Although the records contain pictures, repeat only the text of every line exactly.

** Opening DATASET block **

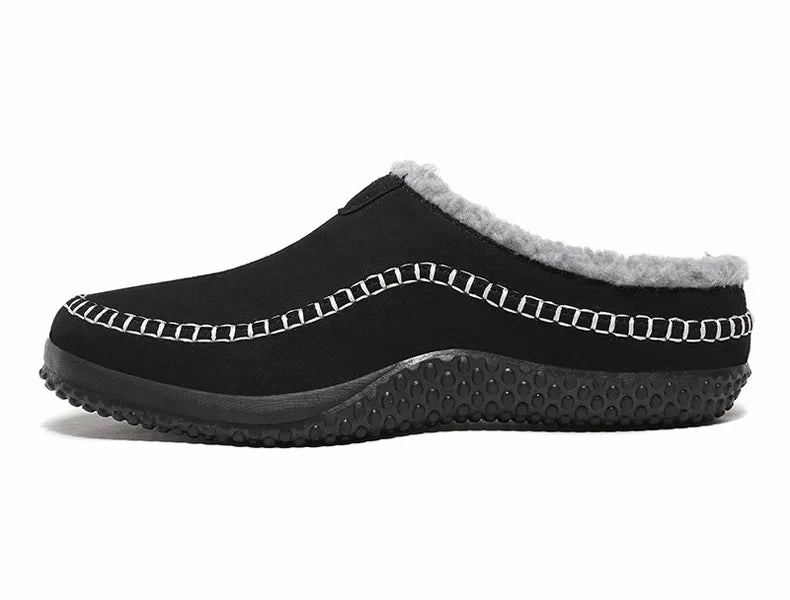 Easy Crochet Slippers Met fleece gevoerde pantoffels voor binnen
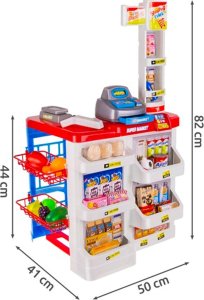 Iso Trade Supermarket zabawkowy 22374 4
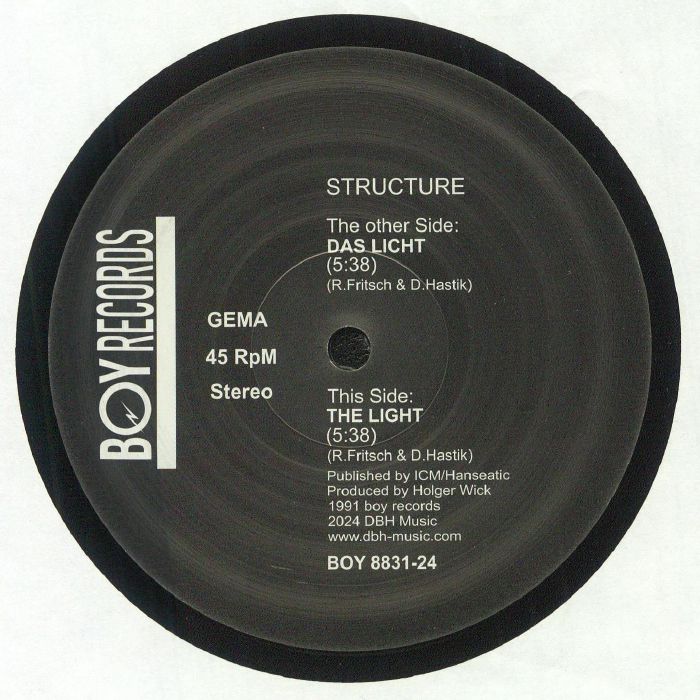 STRUCTURE - Das Licht (reissue)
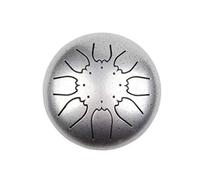 Drum Mini 6.5 Inch Metal Drum Full Tone C Drum Children's Enlightenment 6.5 Inch Yoga Practice Metal Drum (Color : D)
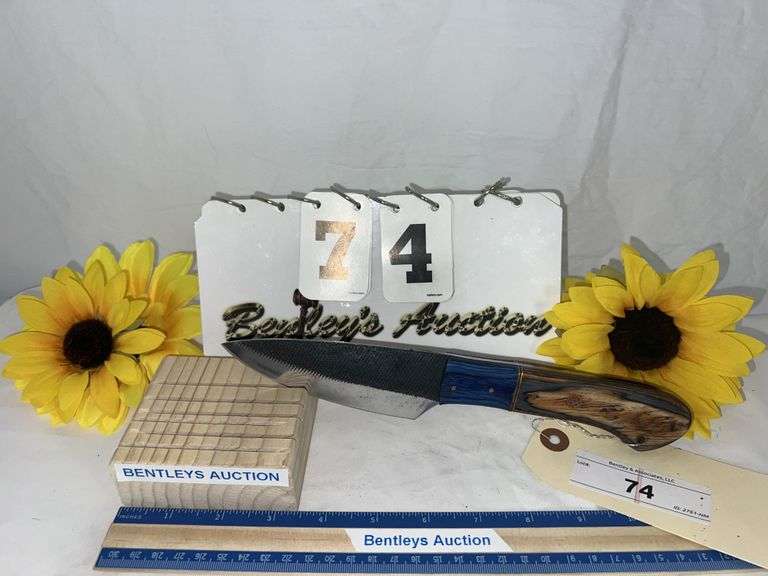 KNIFE WITHOUT SHEATH, 10" TOTAL LENGTH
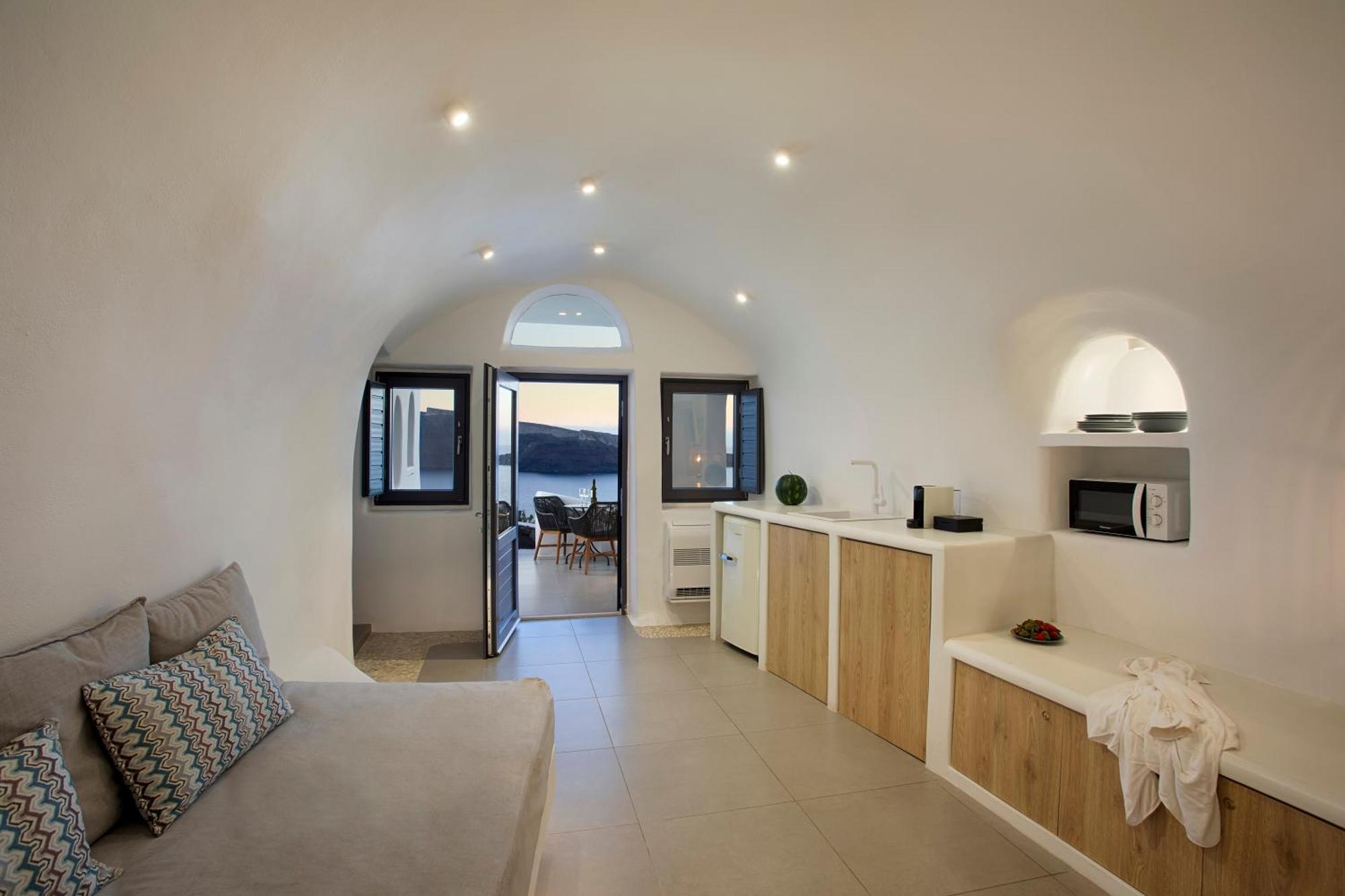 Oia Angle Cavehouse Villa Eksteriør billede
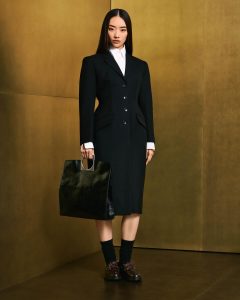 Song Wenyao for Bally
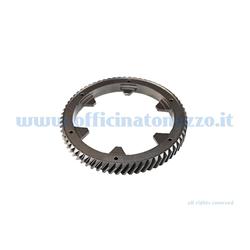 Group 4 clutch discs 7 Full springs of primary Z 23/65 (ratio 2.82) and flexible couplings
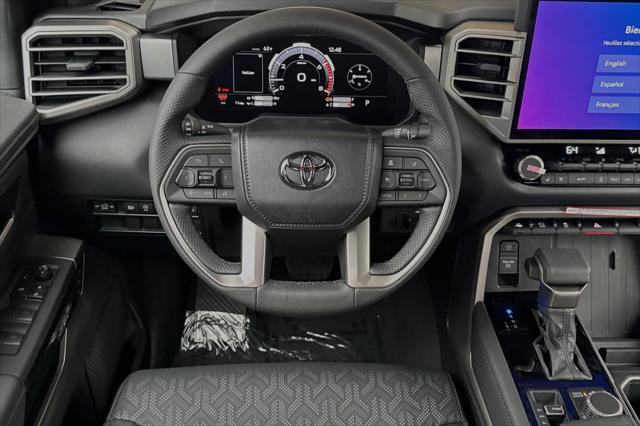 new 2025 Toyota Tundra car, priced at $59,953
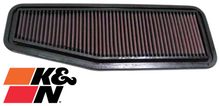 K&N REPLACEMENT AIR FILTER TO SUIT TOYOTA RAV4 ACA20R ACA21R ACA22R ACA23R 1AZ-FE 2AZ-FE 2.0L 2.4 I4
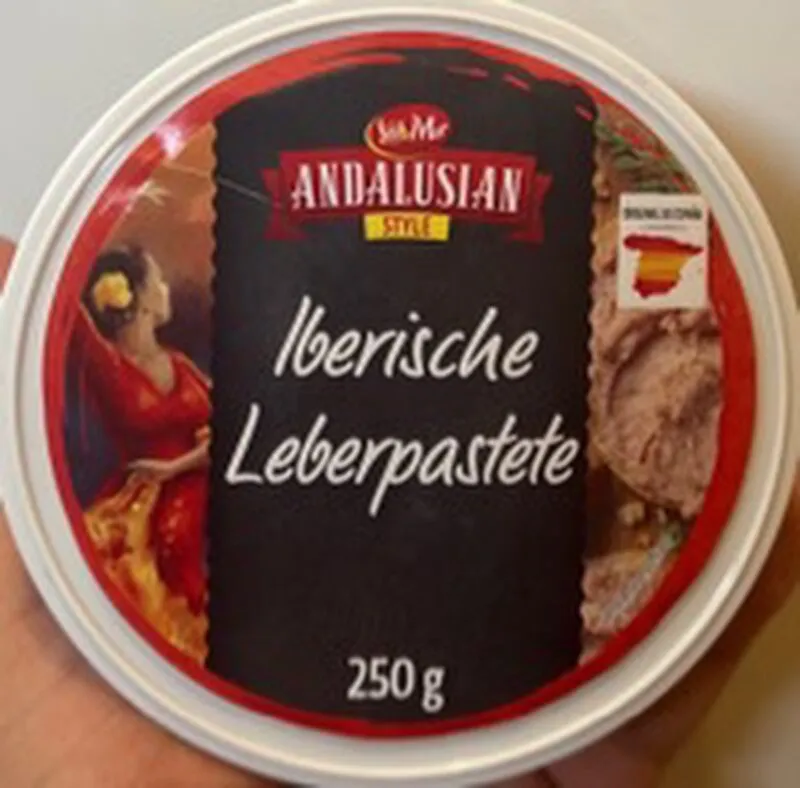 Leberpastete - Iberische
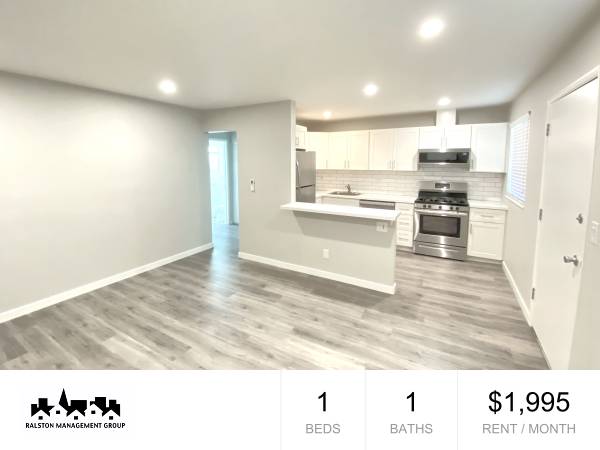 $1,995 / 1br - Sunny Top Floor 1-Bedroom in Prime Walnut Creek Location! (walnut creek)63668061614849120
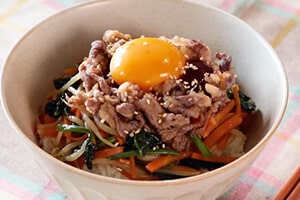 スタミナビビンバ丼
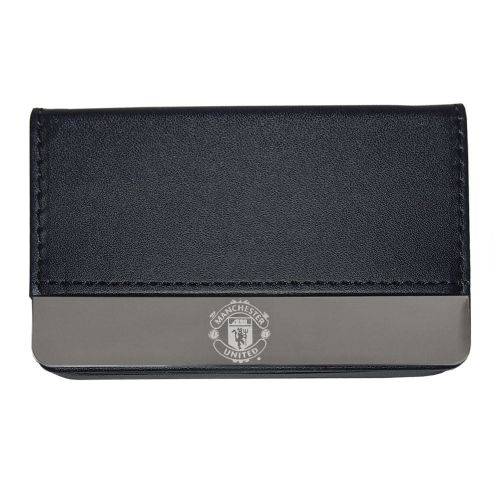 Manchester United Football Club Official Soccer Gift Boxed Business Card Holder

** Closing DATASET block **

SOLVED PROBLEM
 Easy Crochet Slippers Met fleece gevoerde pantoffels voor binnen
 Iso Trade Supermarket zabawkowy 22374 4
 STRUCTURE - Das Licht (reissue)
 Drum Mini 6.5 Inch Metal Drum Full Tone C Drum Children's Enlightenment 6.5 Inch Yoga Practice Metal Drum (Color : D)
 KNIFE WITHOUT SHEATH, 10" TOTAL LENGTH
 Oia Angle Cavehouse Villa Eksteriør billede
 Song Wenyao for Bally
 Group 4 clutch discs 7 Full springs of primary Z 23/65 (ratio 2.82) and flexible couplings
 new 2025 Toyota Tundra car, priced at $59,953
 K&N REPLACEMENT AIR FILTER TO SUIT TOYOTA RAV4 ACA20R ACA21R ACA22R ACA23R 1AZ-FE 2AZ-FE 2.0L 2.4 I4
 Leberpastete - Iberische
 $1,995 / 1br - Sunny Top Floor 1-Bedroom in Prime Walnut Creek Location! (walnut creek)63668061614849120
 スタミナビビンバ丼
 Manchester United Football Club Official Soccer Gift Boxed Business Card Holder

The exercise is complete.